In this lesson, I will using data from a CSV file. You can download the file here: heightWeight

If you do not know how to import CSV files into Python, check out my lesson on it first: Python: Working with CSV Files

The Data

The data set includes 20 heights (inches) and weights(pounds). Given what you already know, you could tell me the average height and average weight. You could tell me medians, variances and standard deviations.

correl

But all of those measurements are only concerned with a single variable. What if I want to see how height interacts with weight? Does weight increase as height increases?

**Note while there are plenty of fat short people and overly skinny tall people, when you look at the population at large, taller people will tend to weigh more than shorter people. This generalization of information is very common as it gives you a big picture view and is not easily skewed by outliers.

Populate Python with Data

The first thing we are going to focus on is co-variance. Let’s start by getting our data in Python.

correl1.jpg

Now there is a small problem. Our lists are filled with strings, not numbers. We can’t do calculations on strings.

We can fix this by populating converting the values using int(). Below I created 2 new lists (height and weight), created a for loop counting up to number of values in our lists : range(len(hgt)). Then I filled the new lists using lst.append(int(value))

correl2.jpg

**Now I know I could have resolved this in fewer steps, but this is a tutorial, so I want to provide more of a walk through.

Co-variance

Co-variance tells us how much two variables disperse from the mean together. There are multiple ways to find co-variance, but for me, using a dot product approach has always been the simplest.

For those unfamiliar with dot product. Imagine I had 2 lists (a,b) with 4 elements each. The dot product with calculated as so: a[0]*b[0]+a[1]*b[1]+a[2]*b[2]+a[3]*b[3]

Here is how it works:

If I take the individual variance of height[0] and weight[0] and they are both positive or negative – the product will be positive. – both variables are moving in the same direction

One positive and one negative will be negative. The variables are moving in different directions

One you add them all up, a positive number will mean that overall, you variables seem to have a positive co-variance (if a goes up, b goes up – if a goes down, b goes down)
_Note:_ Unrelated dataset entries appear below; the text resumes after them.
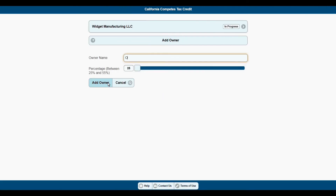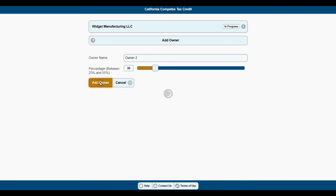If your business does not have a person or entity with at least a 25% ownership interest, simply mark this section complete without adding an owner.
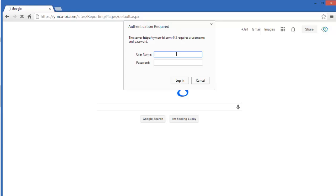Most importantly, for username, you'll need to enter the word pivotstream and a backslash.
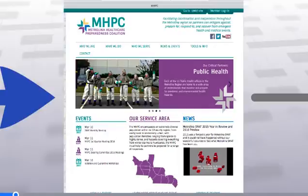I am also proud to be an adjunct instructor here at Central Piedmont Community College. The partnership between the MHPC and CPCC has been an extraordinary accomplishment for the promotion of healthcare disaster preparedness education in our region.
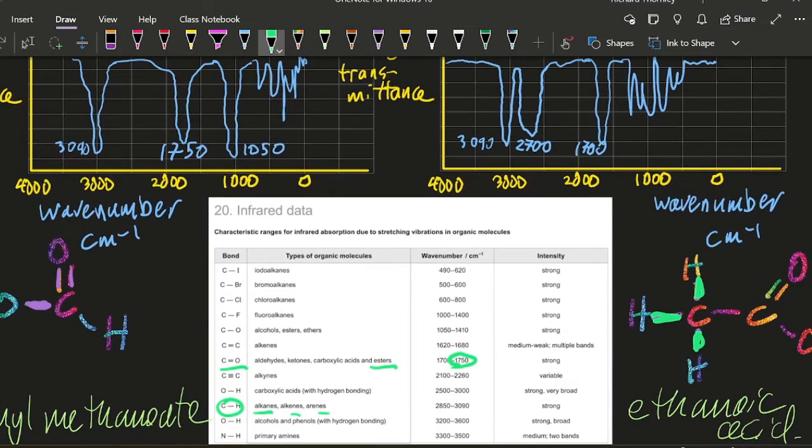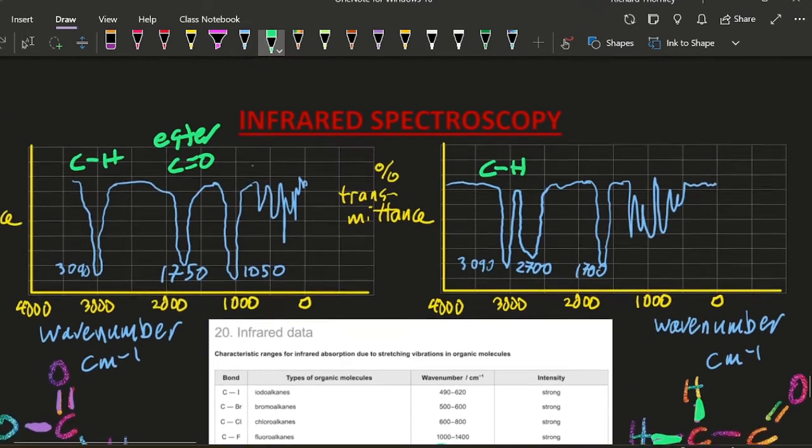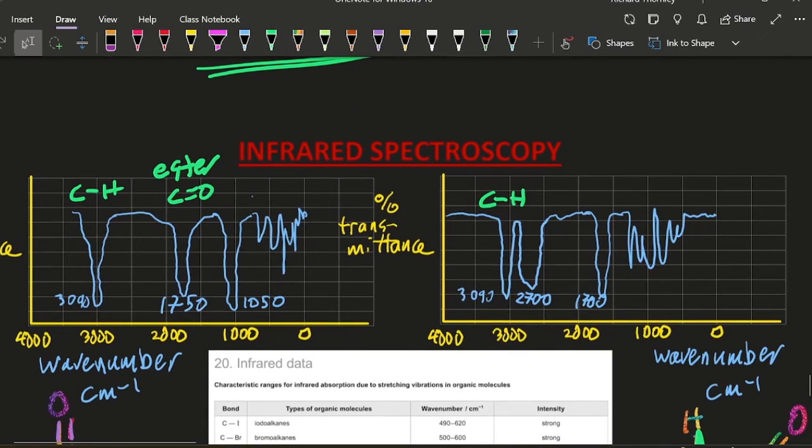That's CH. 1050. 1050. I see that. And again, it's an ester. And that's the carbon oxygen single bond.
If the final result is negative, you have negative co-variance (if a goes up, b goes down – if a goes down, b goes up)

If your final answer is 0 – your variables have no measurable interaction

Okay, let’s program this thing

** we will be using numpy’s mean() – mean and dot() – dot product methods and corrcoef() – correlation coefficient

First we need to find the individual variances from mean for each list

I create a function called ind_var that uses a list comprehension to subtract the mean from each element in the list.

correl3.jpg

Now, let’s change out the print statement for a return, because we are going to be using this function inside another function.

correl4.jpg

Co-variance function

Now let’s build the co-variance function. Here we are taking the dot product of the variances of each element of height and weight. We then divide the result by the N-1 (the number of elements – 1 : the minus 1 is due to the fact we are dealing with sample data not population)

correl6

So what were are doing:

  • Take the first height (68 inches) and subtract the mean (66.8) from it (1.2)
  • Take the first weight (165 lbs) and subtract the mean(165.8)  from it (-0.8)
  • We then multiply these values together (-0.96)
  • We repeat this for each element
  • Add the elements up.
  • Divide by 19 (20-1)
  • 144.75789 is our answer

Our result is 144.75789  – a positive co-variance. So when height goes up – weight goes up, when height goes down – weight goes down.

But what does 144 mean? Not much unfortunately. The co-variance doesn’t relate any information as to what units we are working with. 144 miles is a long way, 144 cm not so much.

Correlation

So we have another measurement known as correlation. A very basic correlation equation divides out the standard deviation of both height and weight. The result of a correlation is between 1 and -1. With -1 being perfect anti-correlation and 1 being perfect correlation. 0 mean no correlation exists.

With my equation get 1.028  – more than one. This equation is simplistic and prone to some error.

correl7.jpg

numpy’s corrcoef() is more accurate. It shows us a correlation matrix. Ignore the 1’s – they are part of what is known as the identity. Instead look at the other numbers = 0.97739.  That is about as close to one as you will ever get in reality. So even if my equation is off, it isn’t too far off.

correl9

Now just to humor me. Create another list to play with.

correl10

Let’s run this against height in my correlation function

correl11.jpg

Run these value through the more accurate corrcoef() . This will show my formula is still a bit off, but for the most part, it is not all that bad.

correl8


If you enjoyed this lesson, click LIKE below, or even better, leave me a COMMENT. 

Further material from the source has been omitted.